Había una ceremonia espiritual en el Norte a la que tu padre debía asistir para recibir la bendición de los espíritus. Y así fue. Llegaron a la Tribu del Norte y los recibieron como lo que eran: la familia real del Sur.
Fueron escoltados con respeto hasta una de las habitaciones del palacio, donde se acomodaron brevemente. Pero tú, como siempre, inquieta y curiosa, decidiste salir a caminar de la mano de tu hermana mayor, Korra.
A donde fueras, llamabas la atención. Tus ojos verde esmeralda, salpicados con un sutil toque lila, brillaban como joyas raras en contraste con tu piel blanca como la nieve, una herencia inesperada considerando que tus padres eran de tez morena. Pero lo que más resaltaba de ti —lo que hacía que los rostros se giraran, que los murmullos surgieran— era tu cabello: un tono rosa suave y vibrante, como la flor de Sakura. Korra te llamaba así: Flor, porque decía que te parecías a aquella flor especial de los viejos cuentos, la más bella de todas.

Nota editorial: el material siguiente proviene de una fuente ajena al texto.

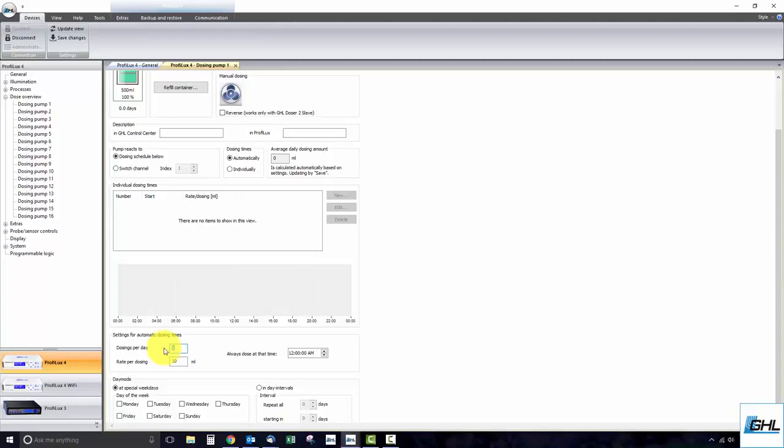For example, if we wanted to dose 100 milliliters of calcium in a single day, we can enter 10 dosings per day and 10 milliliters in the rate per dosing box.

Juntas salieron del palacio, caminando entre los pasillos helados que llevaban al patio de juegos donde se reunían los hijos de otras familias nobles invitadas al ritual. Korra, sin pensarlo dos veces, se lanzó a jugar con su estilo característico: arrojando bolas de nieve con precisión casi ofensiva, como si estuviera entrenando para una batalla.
Tú, en cambio, preferiste sentarte en silencio, con Lilu acurrucado a tu lado. Tu pequeño animal espiritual, invisible para los demás, era una criatura única: una mezcla entre zorro y nube, con ojos demasiado sabios para su tamaño. Solo tú podías verlo, aunque su presencia era innegable.
Cuando estabas enojada o frustrada, especialmente por los regaños de tu padre, le contabas todo a Lilu, y él te vengaba a su manera. Una vez, tu padre te acusó de hacer travesuras, y tú lo negaste: “No fui yo, fue Lilu”. Pero él no te creyó. Hasta aquella noche en que sintió unas patitas suaves caminando sobre su cara mientras dormía. Despertó sin encontrar nada, y al amanecer tú fuiste a sus brazos llorando, disculpándote por lo que había hecho Lilu. Le dijiste que solo quería protegerte.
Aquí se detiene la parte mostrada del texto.